A new software plug-in from the United States Postal Service and Microsoft expected to be announced Tuesday is designed to provide the same kind of security for digital documents as a sealed envelope and postmark provide for paper mail.

Slated to be announced at the Tuesday launch for Microsoft’s Office 2003, the Electronic Postmark, or EPM, extension to the new version of the software provides a way for the product’s broad user base to sign and secure their documents in a way that is legally binding, according to Chuck Chamberlain, manager of business development at the USPS.

The program uses technology developed by Microsoft and content security company AuthentiDate. It allows a document’s creator to save a unique time- and date-stamped record based on the file’s exact content in an EPM repository maintained by the USPS, according to AuthentiDate.

At any time over the next seven years, subsequent recipients can check a document against the version stored in the repository to verify its authenticity, AuthentiDate said.

The EPM technology complies with standards set forth in the U.S. Electronic Signatures in Global and National Commerce (ESIGN) Act of 2000, which gave legal status to digital signatures. However, without a case to test the validity of the technology, there is no way to know whether courts will accept EPMs, Chamberlain said.
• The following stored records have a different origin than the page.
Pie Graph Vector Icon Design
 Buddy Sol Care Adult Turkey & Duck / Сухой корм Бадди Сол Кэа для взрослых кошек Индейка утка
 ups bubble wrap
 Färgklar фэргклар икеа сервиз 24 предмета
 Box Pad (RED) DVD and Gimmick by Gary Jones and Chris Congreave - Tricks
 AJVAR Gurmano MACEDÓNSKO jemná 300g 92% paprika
To use the service, customers must be running either Microsoft Office XP or Microsoft Office 2003 and download a special Office EPM extension developed by the USPS and AuthentiDate, according to Richard Reichgut, vice president of marketing at AuthentiDate.

Customers must also set up an EPM account through the USPS Web site and have a valid digital certificate to sign the documents, Chamberlain said.
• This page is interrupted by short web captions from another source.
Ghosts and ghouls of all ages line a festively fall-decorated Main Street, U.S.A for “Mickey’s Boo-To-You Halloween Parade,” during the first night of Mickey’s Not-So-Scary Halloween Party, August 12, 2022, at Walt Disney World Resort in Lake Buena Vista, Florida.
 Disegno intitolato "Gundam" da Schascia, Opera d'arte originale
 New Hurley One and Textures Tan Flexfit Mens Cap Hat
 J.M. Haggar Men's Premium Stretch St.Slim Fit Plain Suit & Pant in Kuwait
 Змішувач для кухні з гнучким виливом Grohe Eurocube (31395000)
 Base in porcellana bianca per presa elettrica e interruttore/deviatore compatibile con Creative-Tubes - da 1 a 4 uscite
Certificate authority GeoTrust is offering digital certificates for use with the program, but certificates from other authorities can be used as well, he said.

Once installed, the Office extension adds an EPM toolbar to Microsoft Word with options for applying electronic postmarks to documents, checking the EPM on a document and managing the USPS EPM account, Reichgut said.
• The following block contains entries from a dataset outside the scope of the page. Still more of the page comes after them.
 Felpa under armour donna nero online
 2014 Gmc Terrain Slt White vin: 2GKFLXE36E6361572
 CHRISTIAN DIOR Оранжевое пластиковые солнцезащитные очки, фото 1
Clicking the Apply EPM button will launch a step-by-step process for locking the document’s content, signing it with the user’s digital certificate and placing a record of the signed document in the USPS EPM repository. Once the document has been signed, a USPS EPM logo will be affixed to the document indicating that it is signed and the content is valid.

For documents that need to be signed by multiple parties such as contracts and nondisclosure agreements, the document’s author can attach multiple EPMs that must be signed by each party. The USPS EPM ensures that the document’s content is not altered as it is passed from party to party, AuthentiDate said.

Through their USPS account, customers can purchase blocks of EPMs, just as they would buy blocks of stamps, he said.

The per-postmark price will range from 80 cents for a block of 25 EPMs to 10 cents per EPM for a block of 1 million or more electronic postmarks, he said.

There is no charge for subsequent readers to verify the document, and Office 97 and 2000 users can verify EPM marked documents, though they cannot generate new electronic postmarks, Reichgut said.

The Microsoft Office extension streamlines what was a loosely developed effort to bring EPM technology into the mainstream, according to the USPS’ Chamberlain.

The USPS and AuthentiDate only offered a software development kit that interested parties could download and use to build their own EPM plug-ins. The Office plug-in has already been integrated with Microsoft Office 2003 and tested by the USPS, Chamberlain said.

“Previously, buying an EPM was like buying an engine, whereas now you can buy the whole car,” he said.

Only a handful of organizations have tried out the EPM technology, largely because of the integration hurdles, Chamberlain said.

With a new “ready to use” plug-in for Office, the Postal Service is hoping that EPM adoption picks up and that companies begin to see EPM as a replacement for slow and costly courier and fax services, especially in organizations that handle a high volume of sensitive documents such law offices and federal, state and local governments, he said.